# Fresh Water Pump won't self-prime...any tips?



## scraph (Oct 19, 2009)

Whenever I run my freshwater system dry...the pump will not prime itself after refill. I am able to establish prime if I disconnect the outlet while the pump is running. Otherwise, the pump will just run continuously and not build pressure. Disconnecting the outlet is not a good option because I developed a leak the last time I did (easily repaired but ... still).

I'm considering installing a valved vent immediately at the pump outlet ... anyone have any better ideas? It really shouldn't be a question of pump head ... the water pump and tank are mounted at the same level. While I'm not providing positive pressure that way, the pump specs say it should be able to prime at something like 5 feet of head.


----------



## scottyt (Jul 19, 2008)

okay first check and filters or screens. then make sure something is open to let the air out and the water in... ie open a faucet. next would also check the pump, if the diaphragm has a pin hole it wont prime but will pump once it does. 

last option would be to lower the pump if you can.

also you could try putting a manual pump at say the head sink, that would allow you to pump a little vacuum into the system. my boat has faucets that work with pressure or as a pump, you might want to look into something like what i have


----------



## klem (Oct 16, 2009)

If you open up a faucet, it should be able to prime. If you don't have something open, it will not be able to build enough pressure just trying to pump air so it will never reach the shutoff pressure.

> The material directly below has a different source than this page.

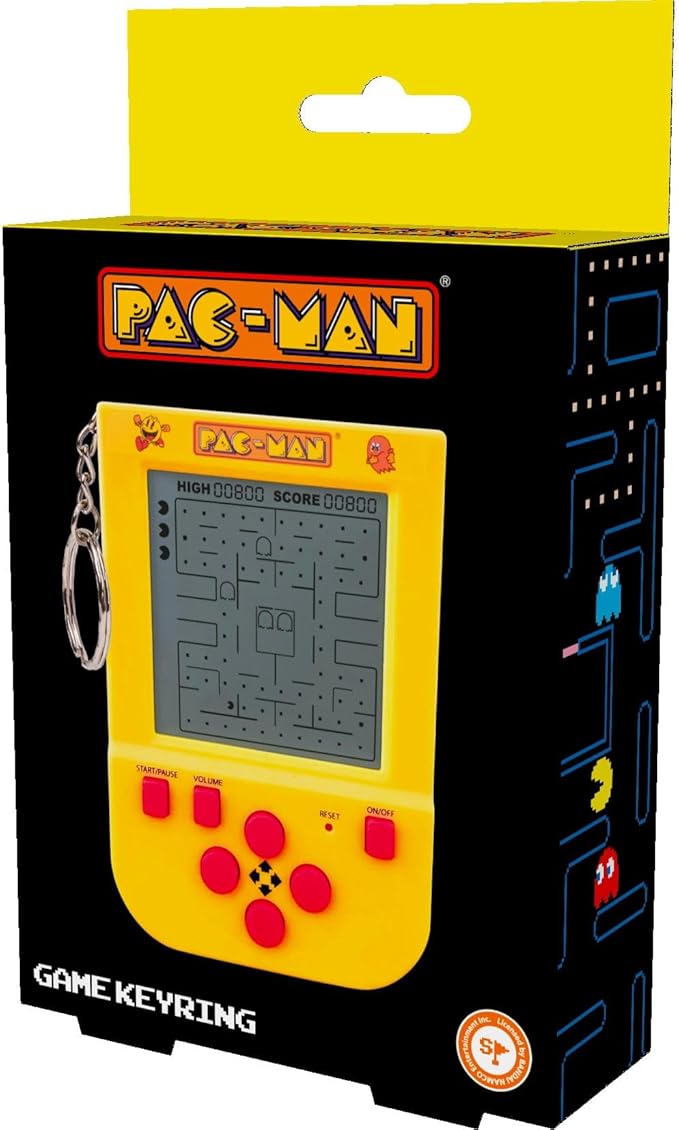Fizz Creations PAC-Man Keychain Game. Includes LCD Screen, 4-Directional Controls & 4 Game Modes with Original PAC-Man Gameplay & Sounds. Officially Licensed Merchandise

If you have a small air leak between the tank and the pump, this can make it hard to prime as well.


----------



## sailingdog (Mar 19, 2006)

Might also want to check the vent line in the water tank. If it is obstructed, it might cause enough of a problem that the pump won't prime.


----------



## ianmchenry (Jan 7, 2011)

Just solved this problem on our Beneteau Oceanis 351 by removing the water line leading into the pump, sucking through the water, and putting it back on the pump. Then did the obvious - opened some faucets and turned the pump back on. No problem.

Cheers,
Ian McHenry


----------



## RichH (Jul 10, 2000)

Use a wet/dry shop-vac. Attach the wet vac to a spiggot, start the vac, start the water pump. 
Next time you locate a 'water system' pump, locate it at the lowest level possible ... so that its always 'flooded' and doesnt need to be 'primed' when in its old age and pump is 'slipping'. Youll need to install a valved drain for emptying and to remove water which would freeze, etc.


----------